An exact transcription of every record is needed.

#####

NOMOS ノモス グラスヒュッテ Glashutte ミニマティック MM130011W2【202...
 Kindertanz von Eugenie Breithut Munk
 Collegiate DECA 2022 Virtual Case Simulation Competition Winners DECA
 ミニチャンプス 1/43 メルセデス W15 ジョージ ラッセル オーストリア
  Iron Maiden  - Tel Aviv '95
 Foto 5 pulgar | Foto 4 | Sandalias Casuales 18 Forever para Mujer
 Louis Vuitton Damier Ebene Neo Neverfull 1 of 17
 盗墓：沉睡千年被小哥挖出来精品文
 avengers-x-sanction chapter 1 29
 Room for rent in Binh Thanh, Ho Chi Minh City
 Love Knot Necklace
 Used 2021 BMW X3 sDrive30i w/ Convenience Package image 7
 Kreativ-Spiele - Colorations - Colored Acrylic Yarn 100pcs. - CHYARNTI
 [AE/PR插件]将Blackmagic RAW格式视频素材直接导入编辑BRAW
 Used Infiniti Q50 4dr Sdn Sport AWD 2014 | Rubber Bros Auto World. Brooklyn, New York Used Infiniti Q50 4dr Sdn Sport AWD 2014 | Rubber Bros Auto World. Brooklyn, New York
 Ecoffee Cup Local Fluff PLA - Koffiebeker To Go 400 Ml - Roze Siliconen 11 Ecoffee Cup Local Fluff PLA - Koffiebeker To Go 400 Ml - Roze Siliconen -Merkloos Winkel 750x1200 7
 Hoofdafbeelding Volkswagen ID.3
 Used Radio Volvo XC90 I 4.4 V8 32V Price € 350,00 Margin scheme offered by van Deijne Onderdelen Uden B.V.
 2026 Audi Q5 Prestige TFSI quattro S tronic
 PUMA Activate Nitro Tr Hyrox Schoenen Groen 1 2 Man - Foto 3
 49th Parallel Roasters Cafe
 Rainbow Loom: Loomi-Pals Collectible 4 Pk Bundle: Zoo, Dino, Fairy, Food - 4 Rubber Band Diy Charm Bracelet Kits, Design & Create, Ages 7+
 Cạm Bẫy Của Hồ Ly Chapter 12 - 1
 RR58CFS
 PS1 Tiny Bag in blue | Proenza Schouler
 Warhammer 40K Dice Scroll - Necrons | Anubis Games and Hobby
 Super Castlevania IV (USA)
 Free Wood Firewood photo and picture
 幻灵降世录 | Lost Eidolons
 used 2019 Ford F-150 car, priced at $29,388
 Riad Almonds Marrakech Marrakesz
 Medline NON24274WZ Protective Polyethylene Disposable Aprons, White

#####

*Response*
NOMOS ノモス グラスヒュッテ Glashutte ミニマティック MM130011W2【202...
 Kindertanz von Eugenie Breithut Munk
 Collegiate DECA 2022 Virtual Case Simulation Competition Winners DECA
 ミニチャンプス 1/43 メルセデス W15 ジョージ ラッセル オーストリア
  Iron Maiden  - Tel Aviv '95
 Foto 5 pulgar | Foto 4 | Sandalias Casuales 18 Forever para Mujer
 Louis Vuitton Damier Ebene Neo Neverfull 1 of 17
 盗墓：沉睡千年被小哥挖出来精品文
 avengers-x-sanction chapter 1 29
 Room for rent in Binh Thanh, Ho Chi Minh City
 Love Knot Necklace
 Used 2021 BMW X3 sDrive30i w/ Convenience Package image 7
 Kreativ-Spiele - Colorations - Colored Acrylic Yarn 100pcs. - CHYARNTI
 [AE/PR插件]将Blackmagic RAW格式视频素材直接导入编辑BRAW
 Used Infiniti Q50 4dr Sdn Sport AWD 2014 | Rubber Bros Auto World. Brooklyn, New York Used Infiniti Q50 4dr Sdn Sport AWD 2014 | Rubber Bros Auto World. Brooklyn, New York
 Ecoffee Cup Local Fluff PLA - Koffiebeker To Go 400 Ml - Roze Siliconen 11 Ecoffee Cup Local Fluff PLA - Koffiebeker To Go 400 Ml - Roze Siliconen -Merkloos Winkel 750x1200 7
 Hoofdafbeelding Volkswagen ID.3
 Used Radio Volvo XC90 I 4.4 V8 32V Price € 350,00 Margin scheme offered by van Deijne Onderdelen Uden B.V.
 2026 Audi Q5 Prestige TFSI quattro S tronic
 PUMA Activate Nitro Tr Hyrox Schoenen Groen 1 2 Man - Foto 3
 49th Parallel Roasters Cafe
 Rainbow Loom: Loomi-Pals Collectible 4 Pk Bundle: Zoo, Dino, Fairy, Food - 4 Rubber Band Diy Charm Bracelet Kits, Design & Create, Ages 7+
 Cạm Bẫy Của Hồ Ly Chapter 12 - 1
 RR58CFS
 PS1 Tiny Bag in blue | Proenza Schouler
 Warhammer 40K Dice Scroll - Necrons | Anubis Games and Hobby
 Super Castlevania IV (USA)
 Free Wood Firewood photo and picture
 幻灵降世录 | Lost Eidolons
 used 2019 Ford F-150 car, priced at $29,388
 Riad Almonds Marrakech Marrakesz
 Medline NON24274WZ Protective Polyethylene Disposable Aprons, White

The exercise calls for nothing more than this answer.